L’EMBAUCHE
Aujourd’hui journée comme tant d’autres, sans entrain, parcourant le chemin à pieds pour me rendre à mon lieu de travail, au bout de la rue apercevant les bâtiments administratifs mon pas ralentit, déjà ma gorge se serre, les nerfs de mon ventre se nouent. La nuit mouvementée, rien que de penser au lendemain m’a gâché mon repos. Longue nuit de réflexion, de solitude, où votre subconscient vous rappelle la journée précédente, où vous vous posez toujours les questions quelle erreur ai-je pu commettre, à qui ai-je pu causer du tord, qu’ai-je pu dire pour déplaire, suis-je apte à faire partie de cette entreprise ? Une partie de la nuit vous chercher et cherchez encore, vous tournez dans votre lit, le sommeil ne vient pas. L’obsession vous gagne, combat inégal et perdu d’avance, les images défilent et défilent encore, envahissent votre tête, vous plongent dans votre idée fixe tout tourne autour de vous, le lit bouge une sensation étrange de déséquilibre envahit votre cerveau, vous vous accrochez aux draps aux bords du lit le vertige est interminable. Avant juste de pouvoir une fois pour toute fermer les yeux, vous trouvez la réponse, c’est vous l’erreur. Mais les heures défilent et la fatigue ne s’élimine pas. Avant de commencer vous êtes déjà vidé. Les muscles contractés à froid dégagent leurs douleurs. Chaque pas chaque enjambée demande un gros effort. Encore une journée où il va falloir payer et encore payer cette dette. Un sentiment de crainte, d’impuissance, de dégoût m’envahit. Mais ma force je la puise dans mon courage, dans ma volonté, dans mon obstination à vouloir m’imposer, à vouloir et pouvoir tout supporter. Je suis là, j’existe. Je ne vous cèderai pas cela reste ma devise.

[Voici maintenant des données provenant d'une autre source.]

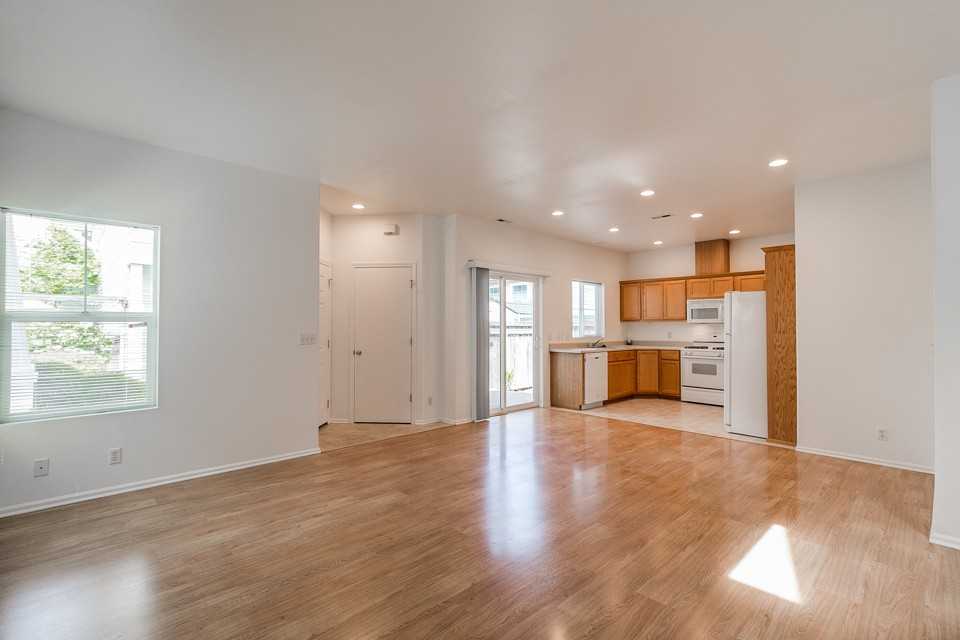 1643 Hamlet Ln - Photo 4 of 18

Nonchalants, mal réveillés les employés franchissent le portail grand ouvert accueillant ceux qui se sentent bien, à l’aise pour gagner leurs sous. Pour moi cela devient ma porte de prison. Pour quelques heures adieu liberté, bonjour brimades, bonjour vexations.
Une fois franchi ces barreaux invisibles avec l’appréhension de recommencer une journée néfaste et accoutumée, le sang afflue dans ma tête tape et retape par saccades dans mes tempes. Cauchemar. Toujours ce cauchemar matinal. Avançant, évitant les ouvriers dont ma présence dérange, fuyant les regards incriminateurs de certains dès mon approche, entendant leurs pensées qu’ils essaient de dissimuler sous leurs airs de fau jetons, restant poli je leurs rends un bonjour furtif. Qu’est ce que je leur ai fait ? Que leur dois je ? Pour qui se prennent ils ?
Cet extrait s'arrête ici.